What the exercise asks: Would you please transcribe the listing exactly, with no images?

Data excerpt:

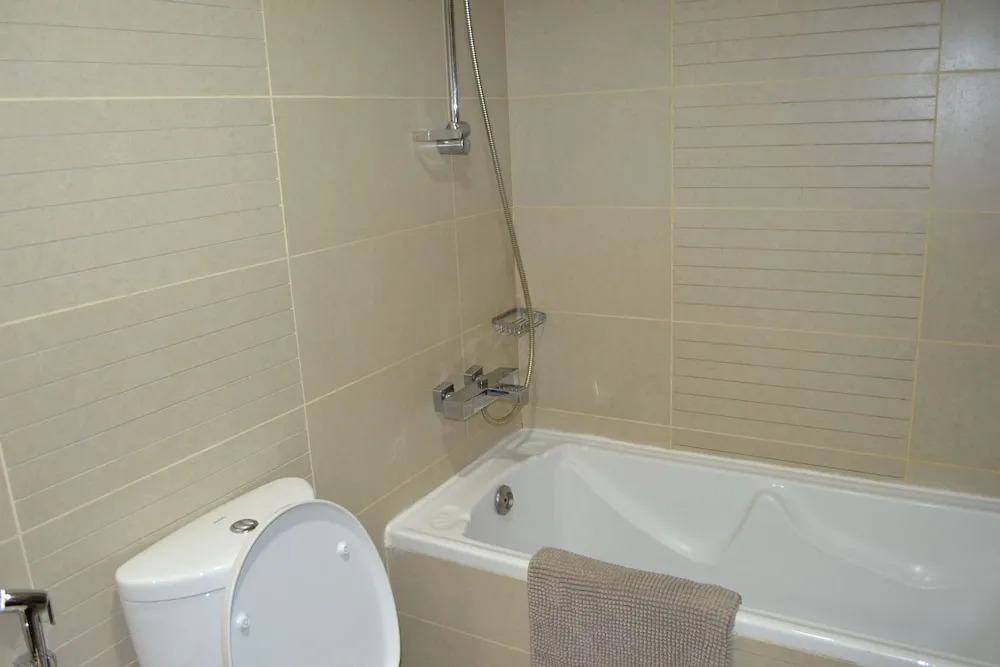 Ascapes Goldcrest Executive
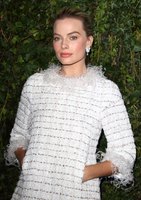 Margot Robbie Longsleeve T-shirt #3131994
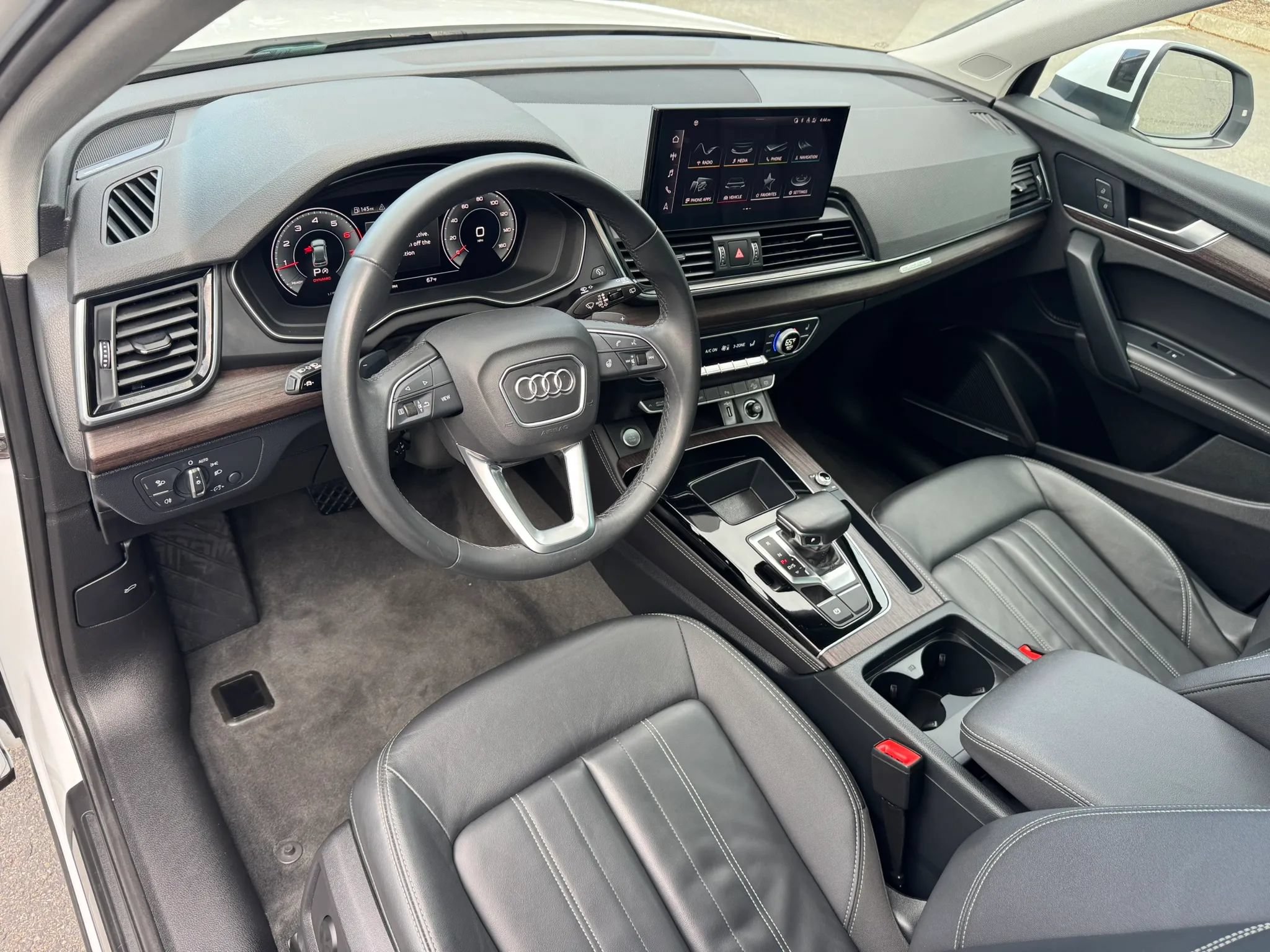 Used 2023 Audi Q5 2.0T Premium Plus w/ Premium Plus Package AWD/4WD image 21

Output of the exercise:
 Ascapes Goldcrest Executive
 Margot Robbie Longsleeve T-shirt #3131994
 Used 2023 Audi Q5 2.0T Premium Plus w/ Premium Plus Package AWD/4WD image 21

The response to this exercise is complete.